XV. Brutus, qui voyait les
personnages de Rome les plus illustres par leur naissance,
leur courage et leurs vertus, attacher leur fortune à
la sienne, et qui considérait toute la grandeur du
péril auquel ils s'exposaient, s'efforçait en
public d'être maître de lui-même, et de ne
rien laisser échapper au dehors qui pût trahir
sa pensée : mais rentré dans sa maison, et
surtout la nuit, il n'était plus le même ;
l'inquiétude dont il était agité le
réveillait en sursaut ; il s'enfonçait dans les
réflexions qui lui faisaient sentir toutes les
difficultés de son entreprise. Sa femme, qui
était auprès de lui, s'aperçut
bientôt qu'il éprouvait un trouble
extraordinaire, et qu'il roulait dans son esprit quelque
projet difficile dont il avait peine à trouver
l'issue. Porcia, comme nous l'avons dit, était fille
de Caton ; Brutus, dont elle était cousine, l'avait
épousée jeune encore, quoiqu'elle fût
déjà veuve de Bibulus, qui lui avait
laissé un fils du même nom que son père,
et dont on a encore un petit ouvrage intitulé
Mémoires de Brutus. Porcia, qui avait fait son
étude de la philosophie, et qui aimait tendrement son
mari, joignait à une grande élévation
d'esprit beaucoup de prudence et de bon sens : elle ne voulut
demander à Brutus le secret dont il était si
occupé qu'après avoir fait l'épreuve de
son courage. Elle prit un de ces petits couteaux dont les
barbiers se servent pour faire les ongles, et, ayant
renvoyé toutes ses femmes, elle se fit à la
cuisse une incision profonde, d'où il sortit une
grande quantité de sang, et qui lui causa
bientôt après des douleurs très vives et
une fièvre violente accompagnée de frissons.

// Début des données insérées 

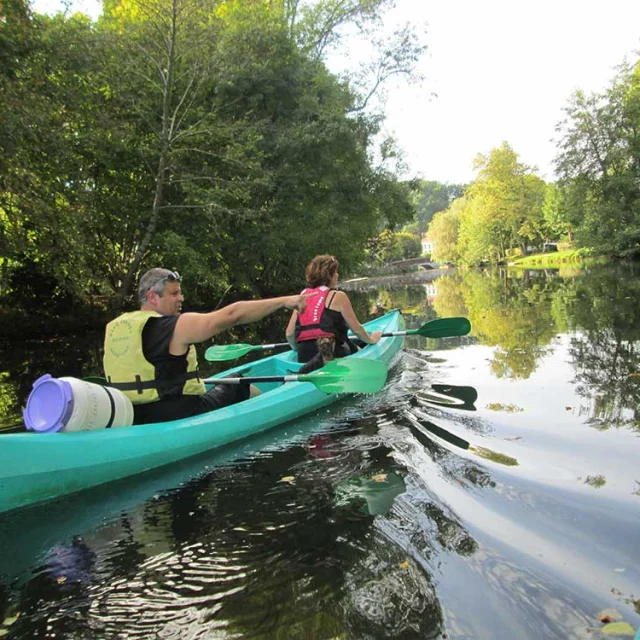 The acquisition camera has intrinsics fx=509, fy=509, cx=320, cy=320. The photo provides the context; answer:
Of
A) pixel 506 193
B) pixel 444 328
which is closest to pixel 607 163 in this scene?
pixel 506 193

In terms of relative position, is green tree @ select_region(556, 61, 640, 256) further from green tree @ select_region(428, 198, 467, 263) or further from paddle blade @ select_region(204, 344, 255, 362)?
green tree @ select_region(428, 198, 467, 263)

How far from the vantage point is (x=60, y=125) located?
460 inches

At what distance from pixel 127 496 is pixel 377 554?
190cm

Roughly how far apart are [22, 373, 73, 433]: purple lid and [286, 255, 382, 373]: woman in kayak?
276 cm

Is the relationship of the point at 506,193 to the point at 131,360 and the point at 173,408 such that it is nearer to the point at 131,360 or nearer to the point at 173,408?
the point at 173,408

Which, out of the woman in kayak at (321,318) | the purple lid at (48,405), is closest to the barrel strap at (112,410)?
the purple lid at (48,405)

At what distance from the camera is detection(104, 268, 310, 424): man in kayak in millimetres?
3508

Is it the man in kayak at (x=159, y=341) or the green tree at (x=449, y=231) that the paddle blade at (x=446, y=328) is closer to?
the man in kayak at (x=159, y=341)

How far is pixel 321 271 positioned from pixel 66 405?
10.0 feet

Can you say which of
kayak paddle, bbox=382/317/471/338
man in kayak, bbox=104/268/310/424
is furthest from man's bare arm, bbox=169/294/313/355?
kayak paddle, bbox=382/317/471/338

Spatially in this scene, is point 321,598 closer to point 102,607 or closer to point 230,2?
point 102,607

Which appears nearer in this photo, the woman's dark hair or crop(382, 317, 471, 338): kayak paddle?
the woman's dark hair

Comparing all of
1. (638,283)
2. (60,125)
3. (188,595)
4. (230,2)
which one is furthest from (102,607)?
(230,2)

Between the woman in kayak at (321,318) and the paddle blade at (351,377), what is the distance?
3.14 feet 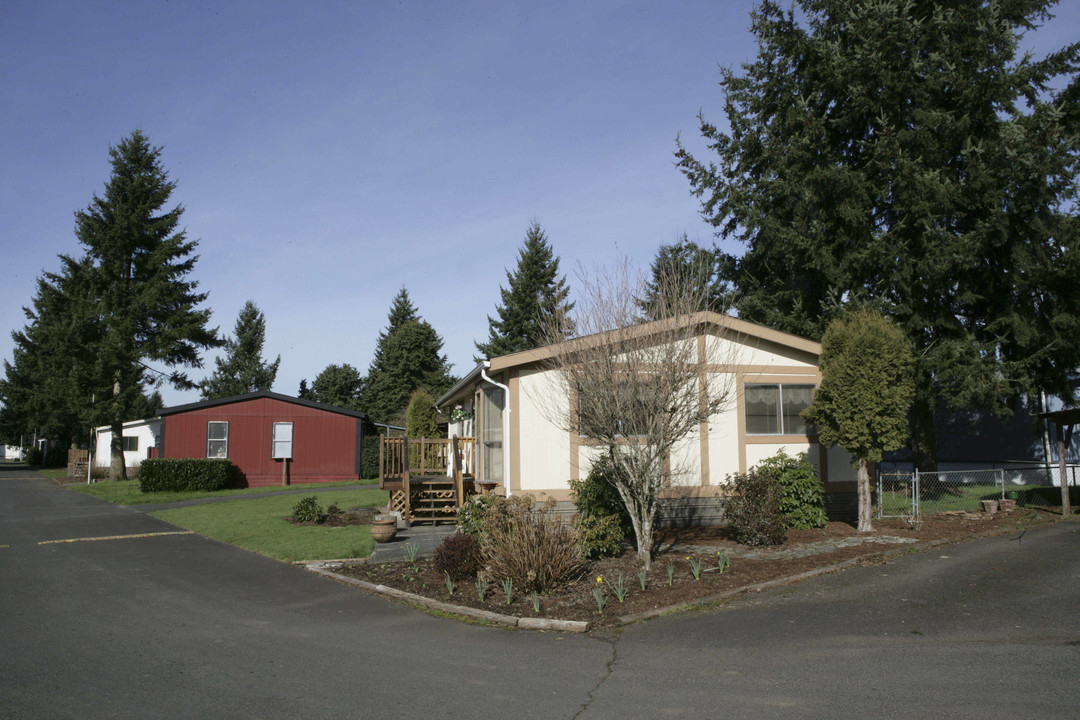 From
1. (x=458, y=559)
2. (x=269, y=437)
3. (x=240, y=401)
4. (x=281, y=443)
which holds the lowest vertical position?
(x=458, y=559)

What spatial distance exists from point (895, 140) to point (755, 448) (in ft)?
32.5

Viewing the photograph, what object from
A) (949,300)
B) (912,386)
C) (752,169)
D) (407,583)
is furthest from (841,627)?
(752,169)

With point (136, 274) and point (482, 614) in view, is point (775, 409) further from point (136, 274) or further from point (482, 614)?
point (136, 274)

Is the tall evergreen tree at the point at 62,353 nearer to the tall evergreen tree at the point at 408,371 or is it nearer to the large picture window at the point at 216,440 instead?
the large picture window at the point at 216,440

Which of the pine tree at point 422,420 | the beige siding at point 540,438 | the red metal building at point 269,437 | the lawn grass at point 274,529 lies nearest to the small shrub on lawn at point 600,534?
the beige siding at point 540,438

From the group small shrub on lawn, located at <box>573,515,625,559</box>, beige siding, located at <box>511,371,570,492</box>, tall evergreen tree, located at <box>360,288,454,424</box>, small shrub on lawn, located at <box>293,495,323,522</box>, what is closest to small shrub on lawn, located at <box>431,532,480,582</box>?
small shrub on lawn, located at <box>573,515,625,559</box>

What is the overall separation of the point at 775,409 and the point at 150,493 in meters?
21.5

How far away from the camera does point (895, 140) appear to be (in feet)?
60.6

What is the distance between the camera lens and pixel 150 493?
24.9 meters

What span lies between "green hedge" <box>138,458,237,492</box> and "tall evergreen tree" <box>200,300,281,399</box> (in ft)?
129

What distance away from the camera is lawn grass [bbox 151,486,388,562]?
1222 cm

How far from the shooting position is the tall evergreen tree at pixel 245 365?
64.8 metres

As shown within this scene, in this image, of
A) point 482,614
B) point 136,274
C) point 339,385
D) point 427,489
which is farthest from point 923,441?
point 339,385

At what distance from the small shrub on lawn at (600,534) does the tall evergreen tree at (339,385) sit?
46650mm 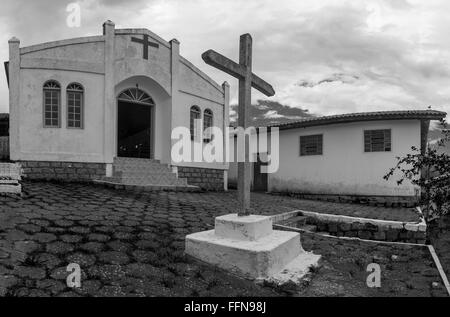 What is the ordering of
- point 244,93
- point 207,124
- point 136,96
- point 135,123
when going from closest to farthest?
point 244,93 < point 136,96 < point 207,124 < point 135,123

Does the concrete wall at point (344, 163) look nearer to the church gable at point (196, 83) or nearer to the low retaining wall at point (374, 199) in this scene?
the low retaining wall at point (374, 199)

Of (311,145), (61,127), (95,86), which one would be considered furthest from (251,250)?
(311,145)

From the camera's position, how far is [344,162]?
13820mm

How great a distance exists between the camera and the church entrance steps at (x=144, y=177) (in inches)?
421

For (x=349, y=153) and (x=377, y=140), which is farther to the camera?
(x=349, y=153)

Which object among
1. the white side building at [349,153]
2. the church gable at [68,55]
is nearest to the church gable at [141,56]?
the church gable at [68,55]

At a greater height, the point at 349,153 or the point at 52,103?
the point at 52,103

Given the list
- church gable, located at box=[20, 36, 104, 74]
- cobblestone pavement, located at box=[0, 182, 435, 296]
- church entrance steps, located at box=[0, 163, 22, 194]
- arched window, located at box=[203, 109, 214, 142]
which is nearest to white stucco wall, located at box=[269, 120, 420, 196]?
arched window, located at box=[203, 109, 214, 142]

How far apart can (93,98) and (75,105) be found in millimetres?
591

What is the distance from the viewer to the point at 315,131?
1473cm

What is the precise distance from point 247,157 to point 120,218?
8.70 ft

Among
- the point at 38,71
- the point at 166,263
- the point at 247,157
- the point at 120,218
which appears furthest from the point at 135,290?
the point at 38,71

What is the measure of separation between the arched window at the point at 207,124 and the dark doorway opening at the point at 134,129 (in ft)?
6.89

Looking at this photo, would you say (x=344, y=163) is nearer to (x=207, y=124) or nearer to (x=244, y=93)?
(x=207, y=124) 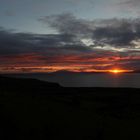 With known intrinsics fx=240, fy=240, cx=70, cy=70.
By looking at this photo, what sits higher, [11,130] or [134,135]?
[11,130]

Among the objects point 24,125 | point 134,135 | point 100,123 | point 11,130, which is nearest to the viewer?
point 11,130

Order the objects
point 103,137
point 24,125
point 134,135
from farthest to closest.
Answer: point 134,135
point 103,137
point 24,125

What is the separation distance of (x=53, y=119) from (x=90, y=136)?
138 inches

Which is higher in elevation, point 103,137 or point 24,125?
point 24,125

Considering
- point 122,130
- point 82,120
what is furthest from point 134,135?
point 82,120

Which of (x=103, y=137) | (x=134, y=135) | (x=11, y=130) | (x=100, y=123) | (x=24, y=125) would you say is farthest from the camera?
(x=100, y=123)

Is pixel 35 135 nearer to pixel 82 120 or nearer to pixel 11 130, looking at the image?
pixel 11 130

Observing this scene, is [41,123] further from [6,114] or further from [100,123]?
[100,123]

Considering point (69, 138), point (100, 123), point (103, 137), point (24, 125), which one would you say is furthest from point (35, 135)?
point (100, 123)

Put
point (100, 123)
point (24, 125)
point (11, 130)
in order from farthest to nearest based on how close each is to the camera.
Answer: point (100, 123) → point (24, 125) → point (11, 130)

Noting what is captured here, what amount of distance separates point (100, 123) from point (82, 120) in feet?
6.34

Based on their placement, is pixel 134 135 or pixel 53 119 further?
pixel 134 135

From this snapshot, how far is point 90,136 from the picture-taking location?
744 inches

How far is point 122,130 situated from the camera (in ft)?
75.7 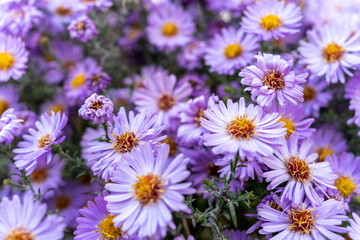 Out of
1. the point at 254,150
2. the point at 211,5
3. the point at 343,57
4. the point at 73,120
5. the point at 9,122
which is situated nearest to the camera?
the point at 254,150

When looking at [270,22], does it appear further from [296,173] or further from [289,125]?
[296,173]

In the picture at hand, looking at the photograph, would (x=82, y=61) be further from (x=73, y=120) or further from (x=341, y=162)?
(x=341, y=162)

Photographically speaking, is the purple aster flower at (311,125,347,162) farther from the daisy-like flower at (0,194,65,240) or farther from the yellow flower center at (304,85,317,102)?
the daisy-like flower at (0,194,65,240)

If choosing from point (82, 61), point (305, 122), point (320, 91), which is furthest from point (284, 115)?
point (82, 61)

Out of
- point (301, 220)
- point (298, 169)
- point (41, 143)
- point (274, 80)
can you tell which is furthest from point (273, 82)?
point (41, 143)

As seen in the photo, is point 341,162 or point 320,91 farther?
point 320,91

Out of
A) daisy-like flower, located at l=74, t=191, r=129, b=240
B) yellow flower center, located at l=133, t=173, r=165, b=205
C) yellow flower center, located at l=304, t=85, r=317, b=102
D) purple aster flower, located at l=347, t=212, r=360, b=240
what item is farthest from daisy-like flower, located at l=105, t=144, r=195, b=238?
yellow flower center, located at l=304, t=85, r=317, b=102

Brutus était dans la plus vive inquiétude sur
un état si alarmant, lorsque sa femme, au fort de la
douleur, lui tint ce discours : «Brutus, je suis fille
de Caton, et je suis entrée dans votre maison, non
pour y être comme une de ces concubines qui ne
partagent que le lit et la table, mais pour être
associée à tous vos biens et à tous vos
maux. Vous ne m'avez donné, depuis mon mariage, aucun
sujet de plainte : mais moi, quelle preuve puis-je vous
donner de ma reconnaissance et de ma tendresse, si vous ne me
croyez capable ni de supporter avec vous un accident qui
demande du secret, ni de recevoir une confidence qui exige de
la fidélité ? Je sais qu'en
général on croit les femmes trop faibles pour
garder un secret : mais, Brutus, une bonne éducation
et le commerce des personnes vertueuses ont de l'influence
sur les moeurs ; et j'ai l'avantage d'avoir Caton pour
père et Brutus pour mari. Cependant je n'ai pas
tellement compté sur ce double appui, que je ne me
sois assurée que je serais invincible à la
douleur». En même temps elle lui montre sa plaie,
et lui raconte l'épreuve qu'elle a faite. Brutus,
frappé d'étonnement, lève les mains au
ciel, et demande aux dieux de lui accorder un tel
succès dans son entreprise, qu'il soit jugé
digne d'être l'époux de Porcia ; et
aussitôt il lui fait donner tous les secours que son
état exigeait.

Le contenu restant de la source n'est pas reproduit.